Entries shown:

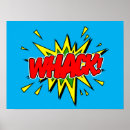 Suche nach hacker kunst Lustig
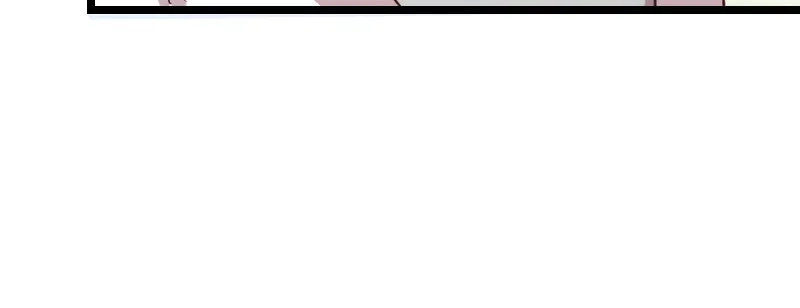 《贺少的闪婚暖妻》第76话 搬过来睡 第61页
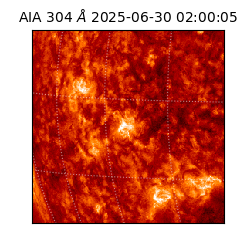 saia - 2025-06-30T02:00:05.129000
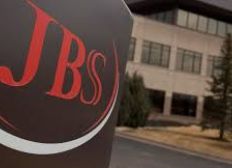 Imagem de JBS perde R$ 955 milhões em valor de mercado em um dia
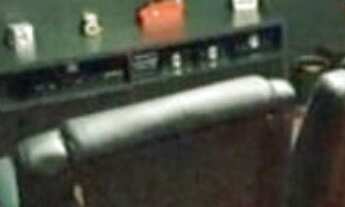 Imagem 6: PONTO RESIDENCIAL em JOÃO PESSOA - PB, MIRAMAR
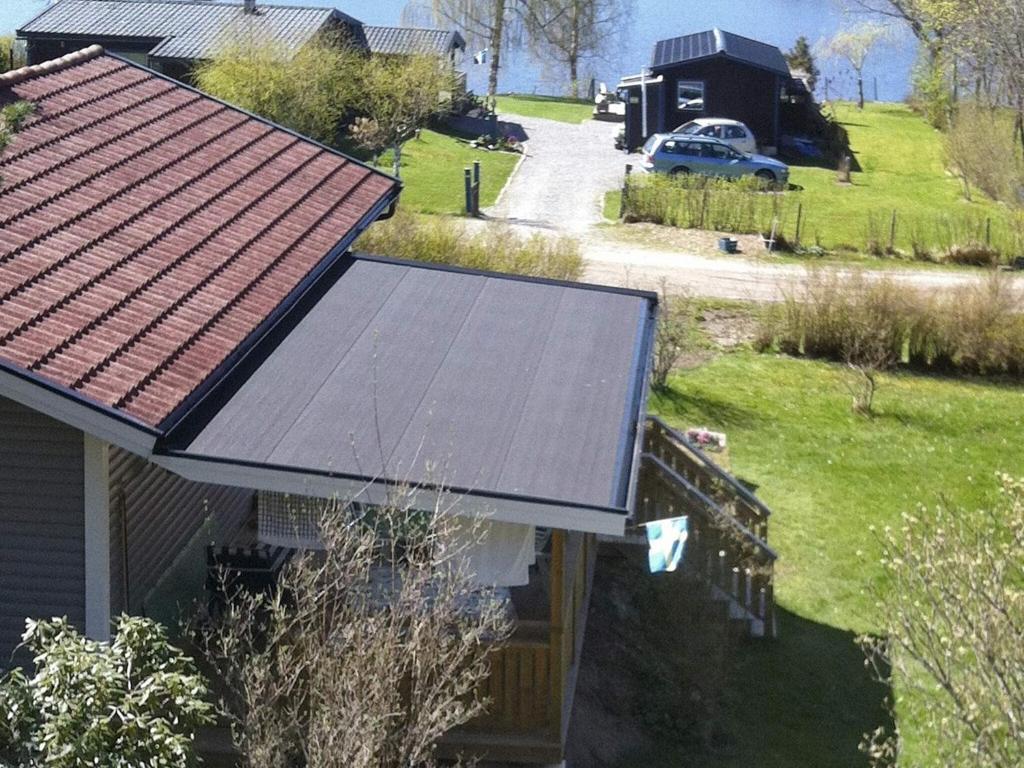 Holiday home MALMKÖPING II photo 2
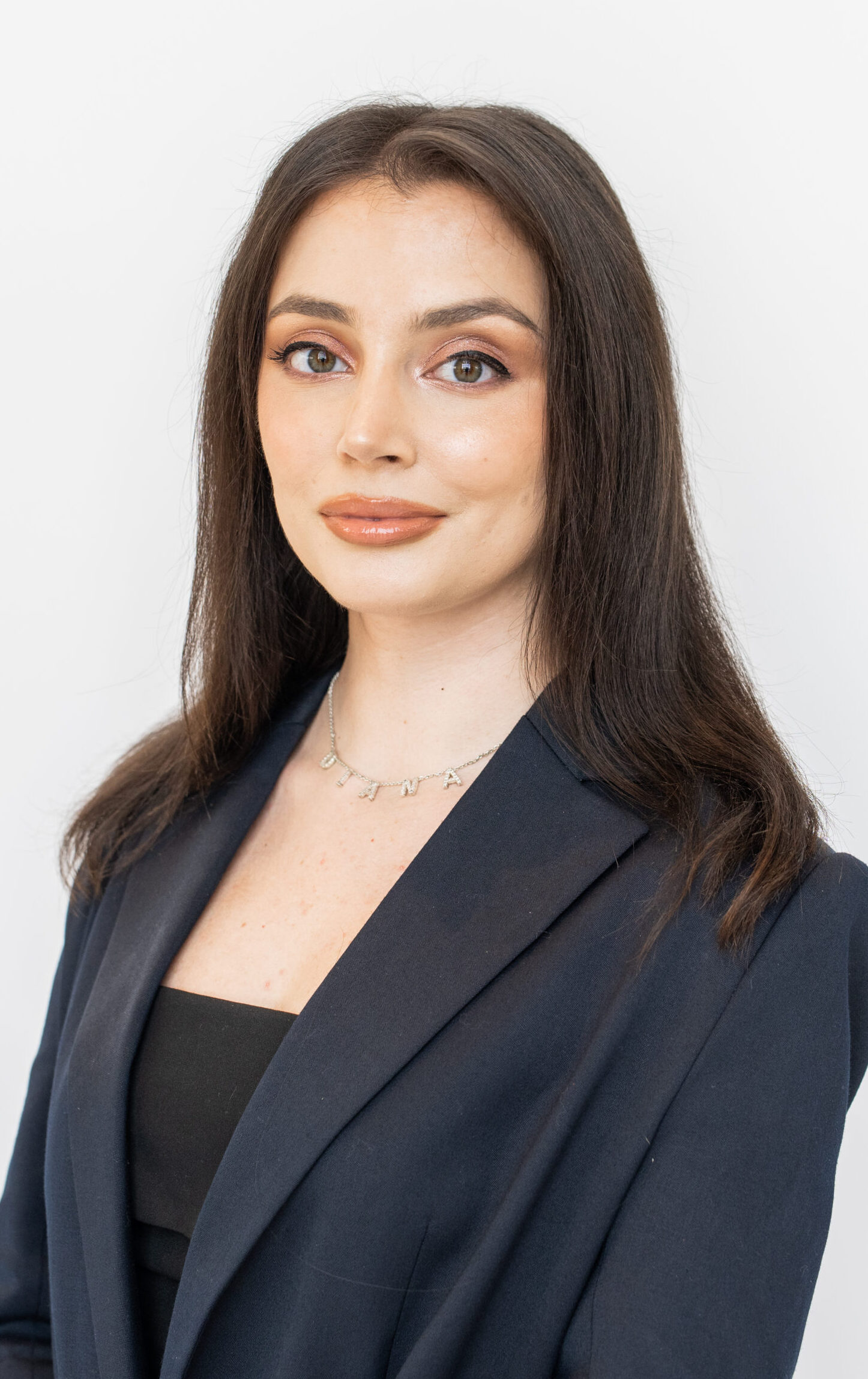 Diana Akopyan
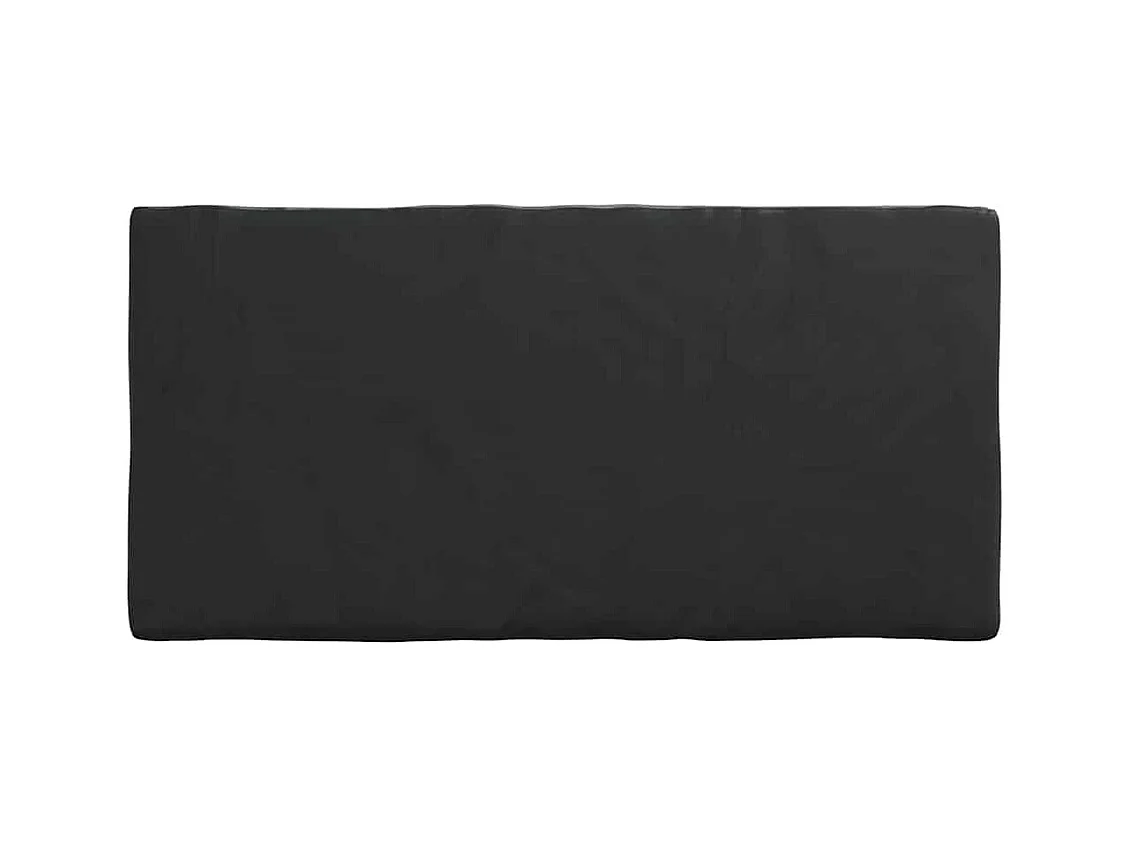 Buitenmeubelhoes 182 x 102 x 15 cm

About this exercise: Output, exactly and with no pictures, every line from the one that contains "Holiday home MALMKÖPING II photo 2" through the final line of the entries.

Your solution:
 Holiday home MALMKÖPING II photo 2
 Diana Akopyan
 Buitenmeubelhoes 182 x 102 x 15 cm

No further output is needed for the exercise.